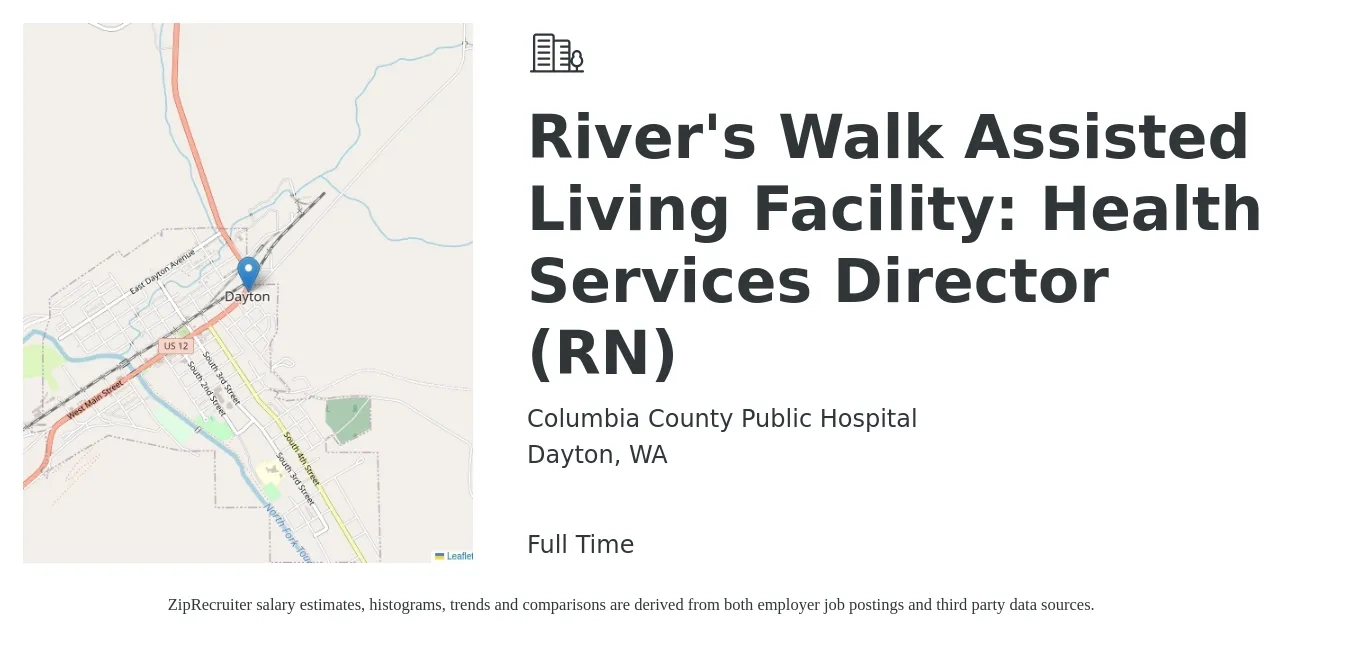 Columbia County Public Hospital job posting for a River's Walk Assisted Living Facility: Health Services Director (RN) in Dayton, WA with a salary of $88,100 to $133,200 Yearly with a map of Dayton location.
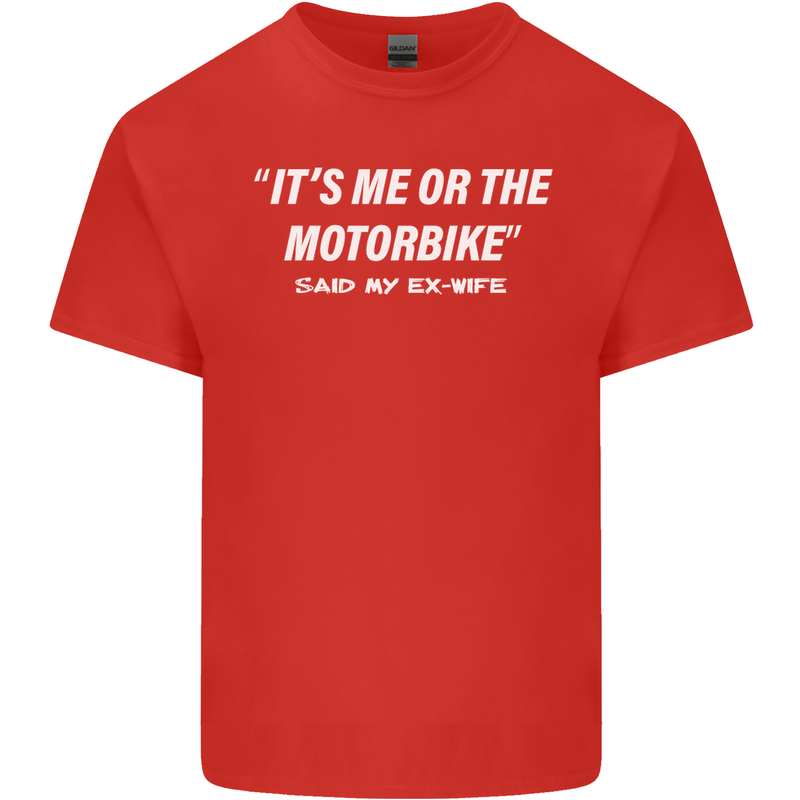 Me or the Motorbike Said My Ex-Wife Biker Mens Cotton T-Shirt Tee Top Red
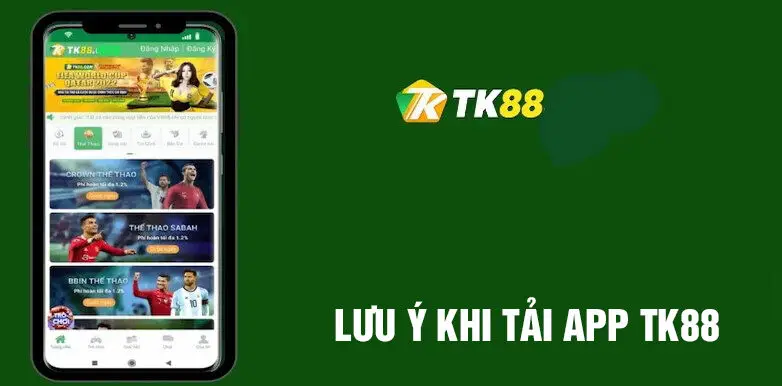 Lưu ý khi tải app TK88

++++++++

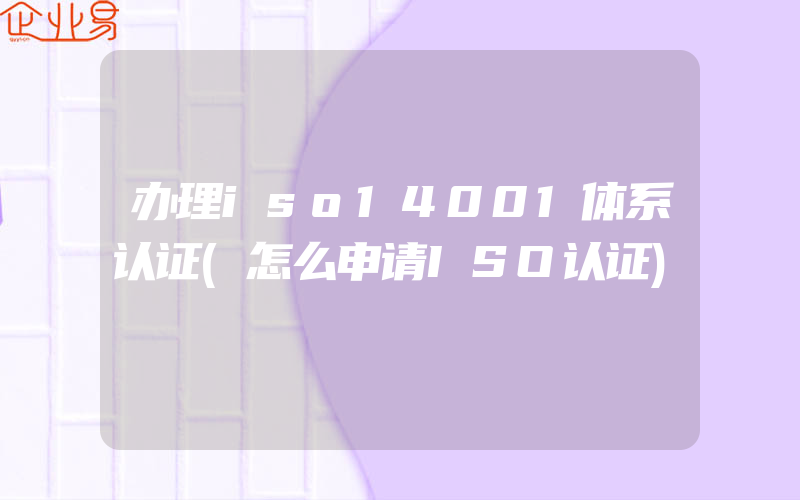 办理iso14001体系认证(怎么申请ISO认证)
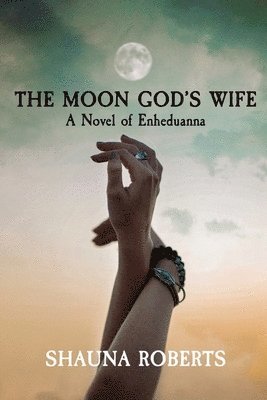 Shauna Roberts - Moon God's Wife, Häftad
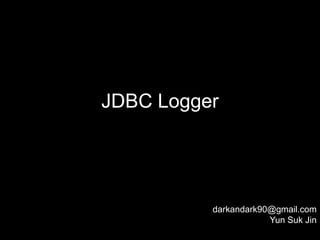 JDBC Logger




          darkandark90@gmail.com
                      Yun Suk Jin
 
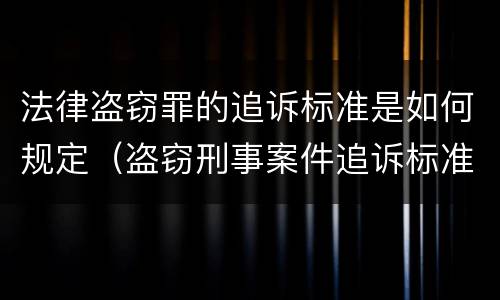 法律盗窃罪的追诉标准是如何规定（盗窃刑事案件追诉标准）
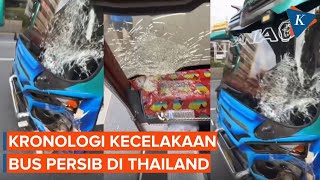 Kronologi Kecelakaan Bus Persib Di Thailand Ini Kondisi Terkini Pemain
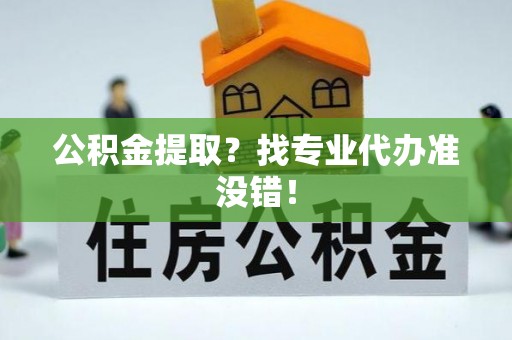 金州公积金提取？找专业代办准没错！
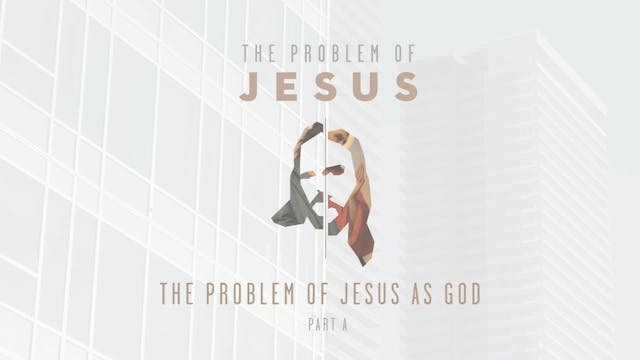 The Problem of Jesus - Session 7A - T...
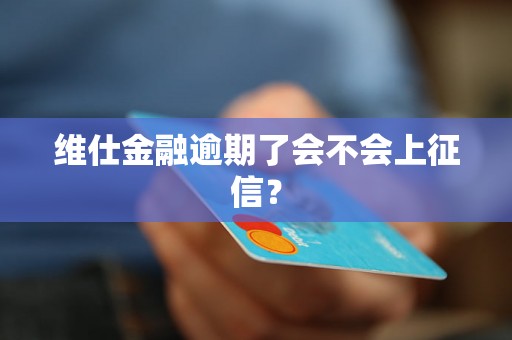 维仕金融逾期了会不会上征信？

++++++++

TASK DIRECTIONS: Go back to the lines above and output, exactly as they stand, the ones from the line containing "金州公积金提取？找专业代办准没错！" to the line containing "维仕金融逾期了会不会上征信？". Leave all pictures behind.

THE COMPLETED TASK:
 金州公积金提取？找专业代办准没错！
 The Problem of Jesus - Session 7A - T...
 维仕金融逾期了会不会上征信？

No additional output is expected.